Welles' Hollywood exile was a decade along when he was offered the chance to make a movie of a drugstore potboiler called Badge of Evil. Initially contracted only to act – the lifelong means by which Welles' subsidized his filmmaking – he only got the directing gig at Heston's insistence. If the studio was wary of Welles' reputation as a pain-in-the-ass maverick, the fears were assuaged by the production, which ran on schedule and on budget. Then the editing began, and with it the predictable Wellesian struggle for creative autonomy. Universal hated his first cut (which it found confusing and needlessly arty) and insisted on changes. A new editor was imposed on the director, who withdrew to Mexico while Touch of Evil was not only recut and restructured but in some cases reshot – and not by Welles. By the time of the film's release, Welles had all but disavowed it. He would never work in that town again.
How was it received?
As per the already well-rehearsed scenario, Touch of Evil was hailed in Europe – where Welles had become the embodiment of the uncompromising auteur – and barely seen in America, where it was dumped with the graceless finality of Welles' bloated Quinlan sinking to oblivion in a polluted creek. Sometimes those who did see it detected something amiss. As Variety wrote: "There is insufficient orientation and far too little exposition, with the result that much of the action is confusing and difficult to relate the plot."
So what's the big deal?
Even in its much-molested original release version (there are now at least three Touch of Evils, the most widely available of which is a 1998 reconstruction based on Welles' original intentions), Touch of Evil attained the status of a classic: a dark, disorienting and utterly Wellesian plunge into a nightmare netherworld where nothing was certain and everything eventually got dirty.

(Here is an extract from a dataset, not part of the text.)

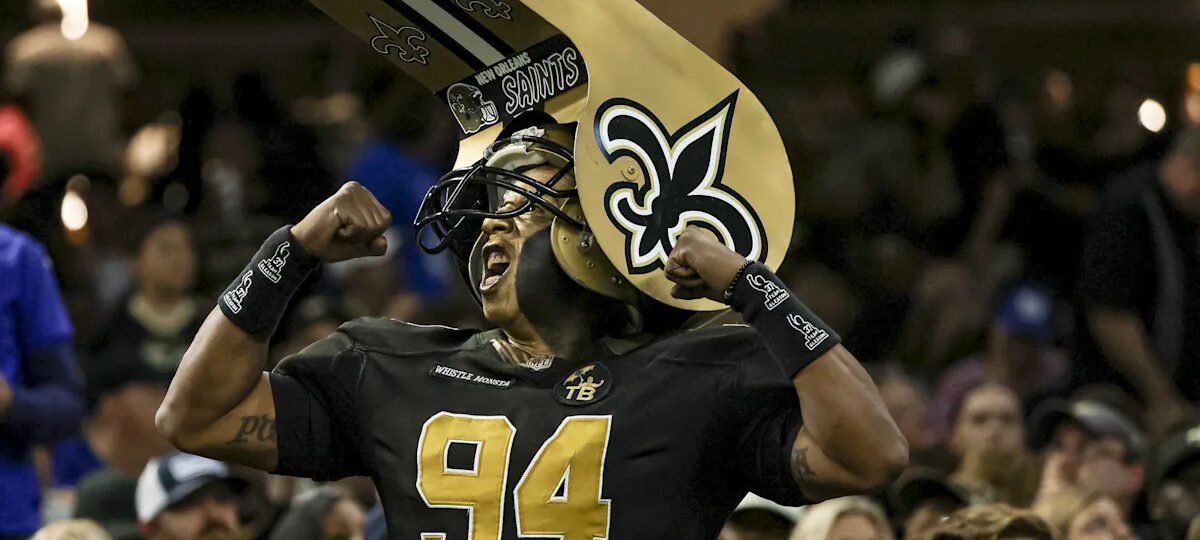 Saints announce 21st consecutive season ticket sellout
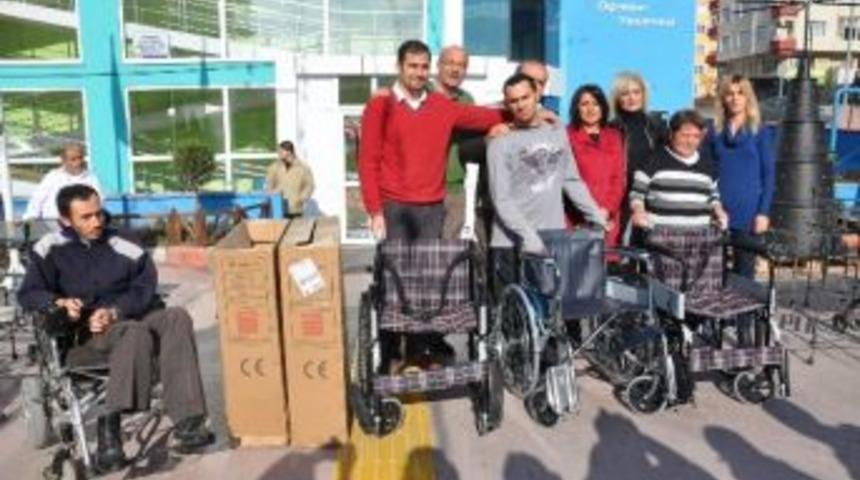 Tsd Çerkezköy Şube Başkanı Çetinkaya: “gülerçin Koleji İle Gönül Bağı Kurduk”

Plus it is so stylistically idiosyncratic – long takes, grotesque close-ups, overlapping sound and steep angles – that it verges on sheer craziness.
Most endlessly quotable line:
"He was some kind of man. What does it matter what you say about people?"
Most endlessly watchable scene?
The legendary opening three-minute crane shot, which follows the bomb-impregnated car as it crosses the border, passes Heston and Leigh, retreats into the background and explodes. I think the word for this is virtuoso.
Most cogent critical appreciation?
"Welles utilizes his bravura style so effectively that it cannot always be discerned which moments create the dramatic thrust of the film and which are simply full of sound and fury." (Blake Lucas and Tracey Thompson, Film Noir: An Encyclopedic Reference to the American Style.)